→ ACTIVITY
Restate word for word the entries below, starting at the line with "Badminton coach training" and ending at the line with "a table with". Keep both end lines and omit the pictures.

→ DATA SUPPLIED

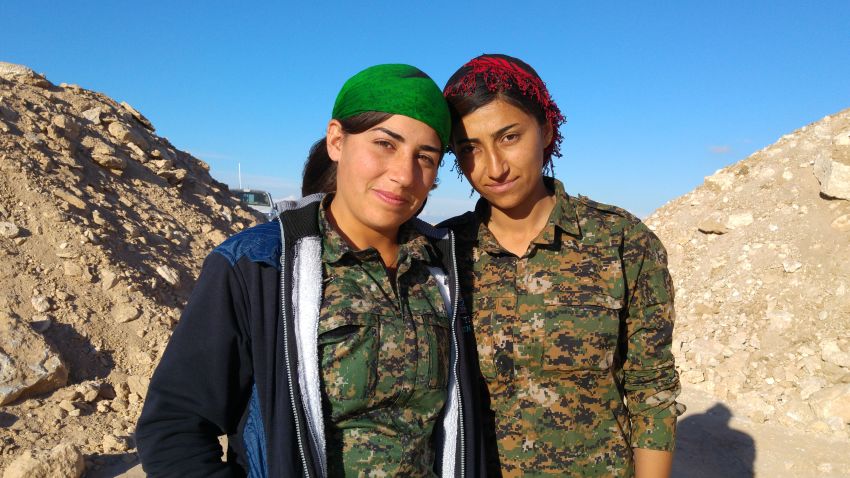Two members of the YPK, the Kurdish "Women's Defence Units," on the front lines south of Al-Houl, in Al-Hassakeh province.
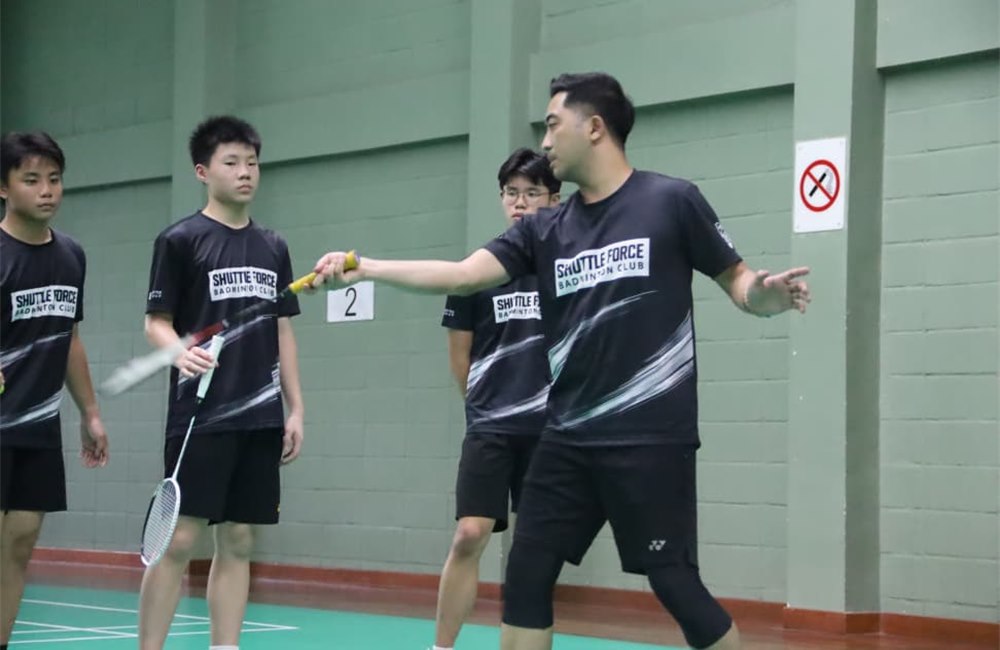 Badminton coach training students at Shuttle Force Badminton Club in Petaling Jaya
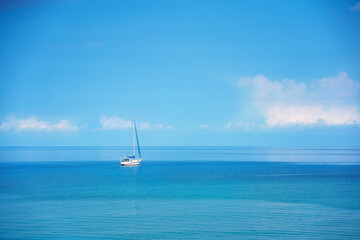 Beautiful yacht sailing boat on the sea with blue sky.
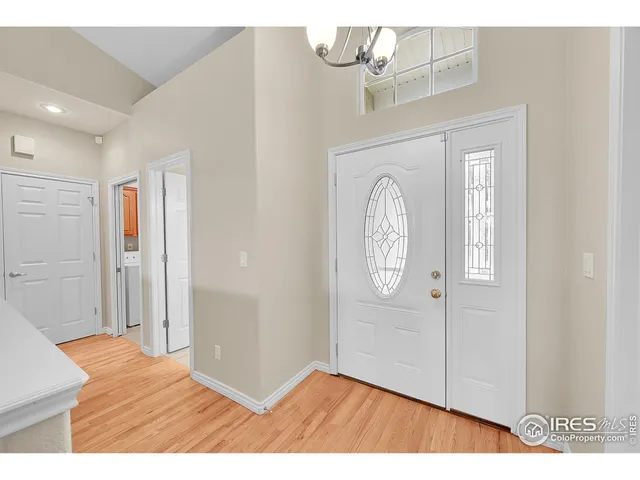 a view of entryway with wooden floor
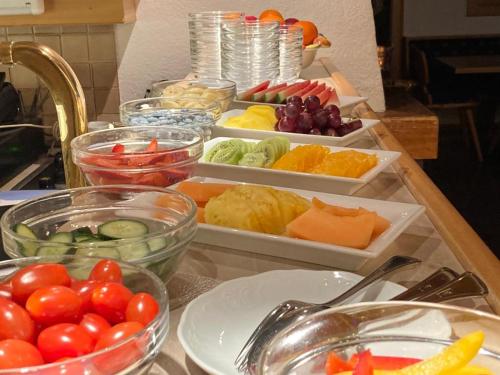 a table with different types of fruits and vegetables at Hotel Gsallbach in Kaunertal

...

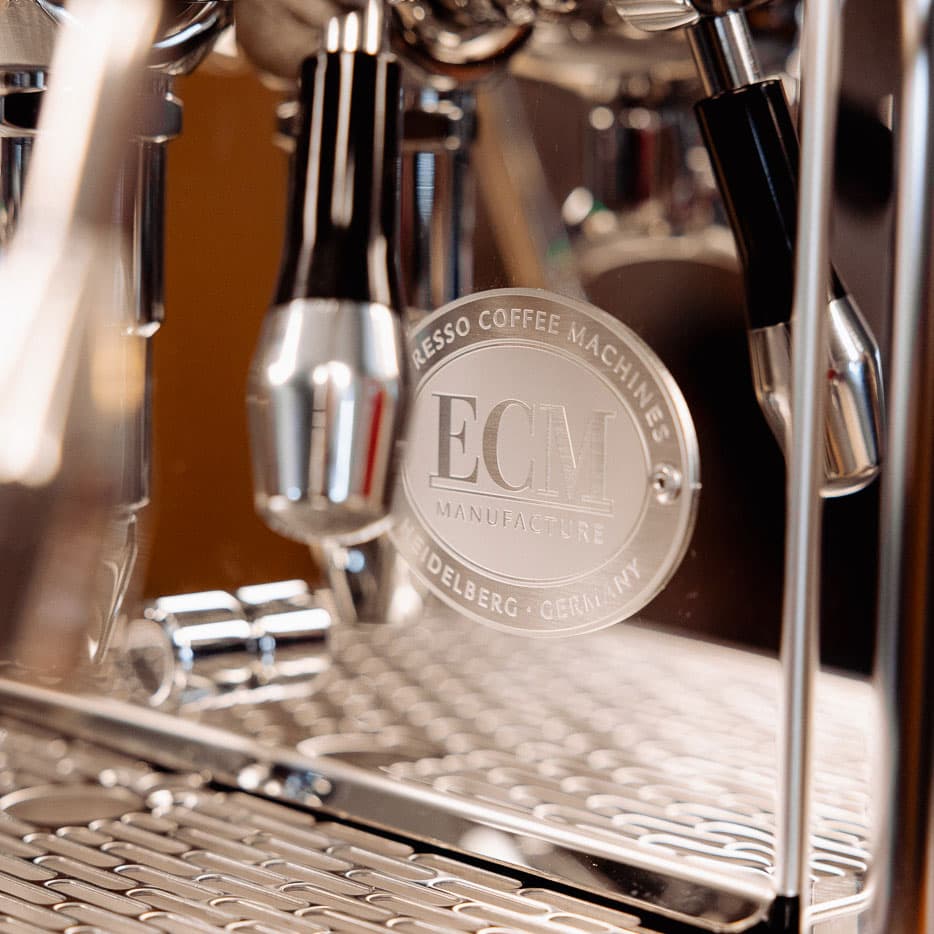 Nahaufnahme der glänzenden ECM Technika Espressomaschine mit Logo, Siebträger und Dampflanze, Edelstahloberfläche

→ EXERCISE ANSWER
 Badminton coach training students at Shuttle Force Badminton Club in Petaling Jaya
 Beautiful yacht sailing boat on the sea with blue sky.
 a view of entryway with wooden floor
 a table with different types of fruits and vegetables at Hotel Gsallbach in Kaunertal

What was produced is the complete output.